Мои сыскари-телохранители придремывали – один на диване, другой в кресле у окна, из
которого можно было следить за деревенской дорогой и подходами к дому. «Грамотно
сидит», - невольно подумал я, заходя в дом. Парни мигом поднялись, вопросительно
глядя на меня. Я махнул рукой, как Чапаев: «За мной!»

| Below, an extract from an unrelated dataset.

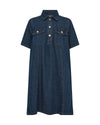 Blue denim dress with button details on a white background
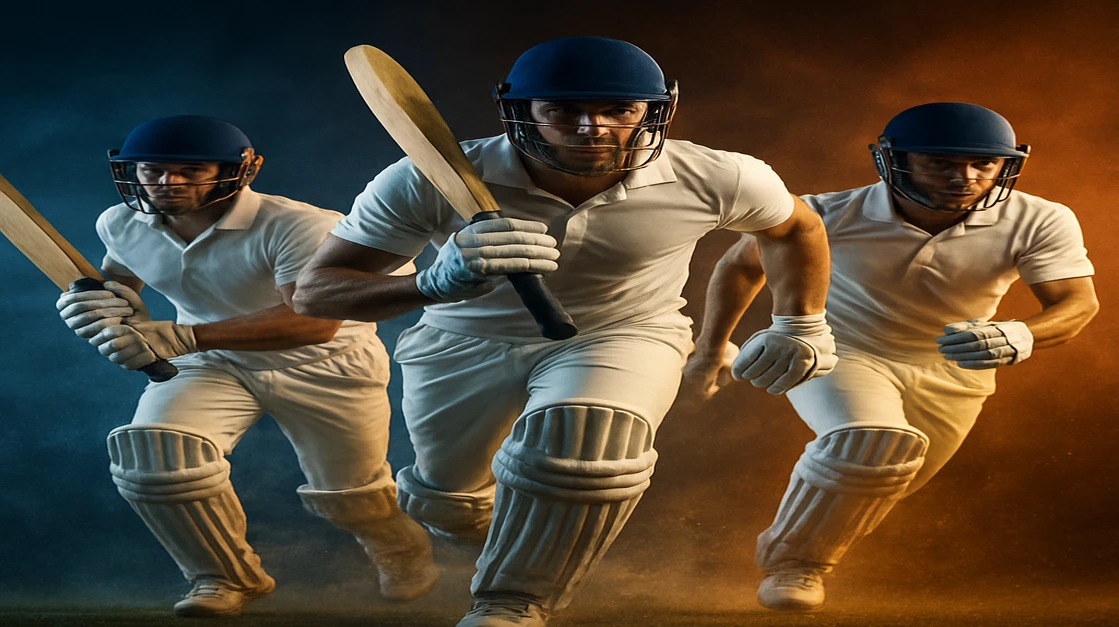K333 জার্সি পরা এক আত্মবিশ্বাসী ক্রিকেট খেলোয়াড় জয় উদযাপন করছেন, চারপাশে ক্রিকেট সরঞ্জাম ও স্ক্রিনে প্রদর্শিত গেমিং তথ্য।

В продолговатом одноэтажном домишке с облупившейся краской, в котором когда-то
много лет назад была деревенская школа, стояла тишина. Только скрипела от сквозняка 
распахнутая дверь небольшого сарайчика, справа от входа в жилье разыскиваемого нами
егеря.
Я секунду помедлил, инстинктивно оглянувшись посмотреть, тут ли моя охрана, и
решительно постучал.
- Заходи, - пробасил голос изнутри.
Мы вошли. В полутемной, прокуренной крепкими сигаретами комнате с почти напрочь
занавешенными окнами за столом сидел коренастый мужчина средних лет, одетый в
полувоенную форму, как принято в последние годы у молодежи, лесников и охотников.
Не удивляясь такому большому количеству нежданных гостей, егерь показал нам на
диван.
- Чего надобно? – лаконично спросил он.
- Вы Трифон?
- Ну, я. А в чем дело? И кто вы такие?
- Нас прислал близкий друг убитого недалеко от вашего дома человека. Очень большой
друг. Мы ищем убийц этого человека… Говорят, в руке убитого нашли записку, в
которой ему угрожает какой-то Трифон. А другого Трифона, кроме вас, в деревне нет. Что
скажете?

- А ничего не скажу. Я к этому делу отношения не имею. Меня менты тоже прессовали:
признавайся да признавайся. А мне признаваться не в чем. Я дома с соседом был, чай
пили. Он подтвердил, что я в ночь убийства никуда не выходил.
- Ладно. Но, может, слышали чего? Может, видели что-нибудь необычное накануне
вечером?
- Ничего я не слышал. Мы побазланили с приятелем и спать легли… Хотя… - он
задумался. – Машина проезжала, здоровенная такая, внедорожник. Где-то ближе к
полуночи. Я как раз встал, чтобы форточку прикрыть и видел ее.
- А какой марки и какого цвета была машина, часом не заметили? – напрягся я.
- Случайно заметил. Infinity, темная. Но точно цвет не скажу – уже темновато было, но
точно, что не светлая.
- А откуда ты такую редкую марку машины как Infinity знаешь? – недоверчиво вторгся в
беседу один из моих парней.
- А у свояка моего такой же кроссовер. Он бизнесмен.
- Понятно. Ну, ладно, бывай здоров, - попрощался я, и мы вышли на свежий воздух.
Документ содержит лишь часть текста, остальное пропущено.